もうお分かりの方もいらっしゃると思いますが、実際、【さくらんぼ算】は、「繰上がり」を理解するタイミングで出てきます。そうです。【さくらんぼ算】は、計算方法として覚えたり、計算力を試したりするものではなく、繰上がりの考え方を「論理的」に理解するためです。「論理的思考」を使う問題です。「論理的思考」とは、ごく簡単に言うと「考え方とその過程を示すこと」です。結論だけでなく、そこに至るプロセスまで「コレコレこうだからこうなる」と考えることです。そうすることにより自分自身が深く思考することができます。また、その思考過程を他人に示すと、理解してもらえやすくなる利点もあり、コミュニケーションにも有効活用できます。 「論理的思考」は「ロジカル・シンキング」とも言い、算数・数学の専門用語ではありません。また、近年は学問だけではなく、ビジネスでも有用とされ、多用されている言葉でもあります。ネットや書店でも「論理的思考を身に付けるには」、みたいな情報や書籍が溢れています。 この論理的思考、学年が進むと、それを活用する問題が増えます。算数で代表的なのは、苦手な人が多い「証明」問題、「○と◎が等しいことを証明せよ」みたいなのがそうですが、それだけじゃなく、論理的思考力を問われる問題はとても多くあり、学年が進むほど、その割合は増えていきます。 【さくらんぼ算】のような□を埋める問題の多くは論理的思考が問われる問題です。 1年生で習うこの【さくらんぼ算】 は論理的思考の入門編とも言えます。

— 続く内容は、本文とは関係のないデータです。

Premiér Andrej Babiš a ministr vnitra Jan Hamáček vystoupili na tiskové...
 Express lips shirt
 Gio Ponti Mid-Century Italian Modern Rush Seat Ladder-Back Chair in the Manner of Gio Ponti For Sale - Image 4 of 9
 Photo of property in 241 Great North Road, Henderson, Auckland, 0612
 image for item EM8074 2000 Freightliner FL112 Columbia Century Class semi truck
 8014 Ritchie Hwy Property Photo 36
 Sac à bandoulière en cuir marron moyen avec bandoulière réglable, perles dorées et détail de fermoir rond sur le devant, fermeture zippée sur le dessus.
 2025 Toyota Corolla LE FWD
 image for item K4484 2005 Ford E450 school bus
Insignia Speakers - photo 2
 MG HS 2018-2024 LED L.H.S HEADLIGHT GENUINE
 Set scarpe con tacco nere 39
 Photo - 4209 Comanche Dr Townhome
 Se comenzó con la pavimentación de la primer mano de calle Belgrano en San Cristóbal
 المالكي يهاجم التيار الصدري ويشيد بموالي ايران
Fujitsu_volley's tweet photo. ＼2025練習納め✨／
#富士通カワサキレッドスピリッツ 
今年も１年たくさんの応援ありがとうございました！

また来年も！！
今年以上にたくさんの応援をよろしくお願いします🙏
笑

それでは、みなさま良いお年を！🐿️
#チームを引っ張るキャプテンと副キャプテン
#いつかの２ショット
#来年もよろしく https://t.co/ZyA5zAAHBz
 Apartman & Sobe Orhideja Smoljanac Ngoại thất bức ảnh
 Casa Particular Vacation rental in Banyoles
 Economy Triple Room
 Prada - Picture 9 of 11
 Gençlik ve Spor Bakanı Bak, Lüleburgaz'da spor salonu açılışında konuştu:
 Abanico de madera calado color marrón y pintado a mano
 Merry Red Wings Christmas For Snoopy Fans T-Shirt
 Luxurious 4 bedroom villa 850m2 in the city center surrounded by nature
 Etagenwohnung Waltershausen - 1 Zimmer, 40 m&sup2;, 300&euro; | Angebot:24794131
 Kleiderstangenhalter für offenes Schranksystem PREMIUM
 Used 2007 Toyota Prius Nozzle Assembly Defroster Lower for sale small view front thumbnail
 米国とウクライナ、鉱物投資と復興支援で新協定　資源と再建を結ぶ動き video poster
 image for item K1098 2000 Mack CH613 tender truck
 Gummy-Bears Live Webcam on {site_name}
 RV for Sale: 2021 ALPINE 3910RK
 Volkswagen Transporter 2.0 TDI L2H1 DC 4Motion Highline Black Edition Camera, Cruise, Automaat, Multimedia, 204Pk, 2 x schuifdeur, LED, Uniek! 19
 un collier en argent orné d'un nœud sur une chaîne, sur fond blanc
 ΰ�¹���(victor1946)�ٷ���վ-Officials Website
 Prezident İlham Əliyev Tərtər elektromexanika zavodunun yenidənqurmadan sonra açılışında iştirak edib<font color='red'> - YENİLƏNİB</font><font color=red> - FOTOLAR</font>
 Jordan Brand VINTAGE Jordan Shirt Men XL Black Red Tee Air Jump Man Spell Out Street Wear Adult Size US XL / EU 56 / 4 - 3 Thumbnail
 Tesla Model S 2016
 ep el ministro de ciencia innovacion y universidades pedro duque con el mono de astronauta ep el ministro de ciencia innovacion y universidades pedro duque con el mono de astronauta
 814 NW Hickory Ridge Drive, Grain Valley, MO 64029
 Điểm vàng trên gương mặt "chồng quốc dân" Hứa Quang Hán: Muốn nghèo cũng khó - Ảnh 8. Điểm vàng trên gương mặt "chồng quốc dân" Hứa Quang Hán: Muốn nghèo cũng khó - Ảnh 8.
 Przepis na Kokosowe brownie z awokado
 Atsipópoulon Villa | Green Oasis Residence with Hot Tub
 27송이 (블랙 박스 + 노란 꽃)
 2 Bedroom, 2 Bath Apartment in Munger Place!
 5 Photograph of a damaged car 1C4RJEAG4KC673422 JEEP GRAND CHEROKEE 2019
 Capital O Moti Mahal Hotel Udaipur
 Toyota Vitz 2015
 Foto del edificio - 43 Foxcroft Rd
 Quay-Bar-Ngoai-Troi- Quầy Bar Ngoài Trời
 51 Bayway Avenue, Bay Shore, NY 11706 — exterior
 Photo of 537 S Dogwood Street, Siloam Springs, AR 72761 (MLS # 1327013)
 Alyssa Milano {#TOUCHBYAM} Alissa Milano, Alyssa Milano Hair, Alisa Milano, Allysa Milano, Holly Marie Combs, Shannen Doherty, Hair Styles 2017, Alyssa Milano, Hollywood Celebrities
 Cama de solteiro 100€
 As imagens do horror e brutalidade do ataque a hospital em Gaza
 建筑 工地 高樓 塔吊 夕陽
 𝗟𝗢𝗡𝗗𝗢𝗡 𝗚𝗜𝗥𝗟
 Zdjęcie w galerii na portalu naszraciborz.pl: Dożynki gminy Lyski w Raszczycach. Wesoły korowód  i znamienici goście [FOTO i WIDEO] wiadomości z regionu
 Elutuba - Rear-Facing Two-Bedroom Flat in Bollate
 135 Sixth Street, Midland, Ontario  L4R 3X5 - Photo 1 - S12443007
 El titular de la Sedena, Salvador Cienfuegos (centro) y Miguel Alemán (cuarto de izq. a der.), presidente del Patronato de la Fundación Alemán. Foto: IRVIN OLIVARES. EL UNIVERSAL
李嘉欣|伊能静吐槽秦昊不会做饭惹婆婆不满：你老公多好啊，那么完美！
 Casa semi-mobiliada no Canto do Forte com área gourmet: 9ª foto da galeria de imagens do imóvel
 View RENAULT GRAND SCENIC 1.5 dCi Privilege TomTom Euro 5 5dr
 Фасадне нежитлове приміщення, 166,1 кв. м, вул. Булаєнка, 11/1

【補足】 算数で求められるもの (文部科学省) 文部科学省が何を重視しているかは、ホームページでも指導要領等が公開されているので是非一度、ご覧いただきたいのですが、身に付けるべき、としているスキルは多岐にわたります。その中で、「知的活動(論理や思考)」という言葉が何度も出てきます。論理思考をかなり重視しているのは明らかです。 論理思考の土台は、言葉を正しく扱えることです。算数と言えども、計算力だけではなく、総合的な基礎学力、「読み書きそろばん」が重要ということですね。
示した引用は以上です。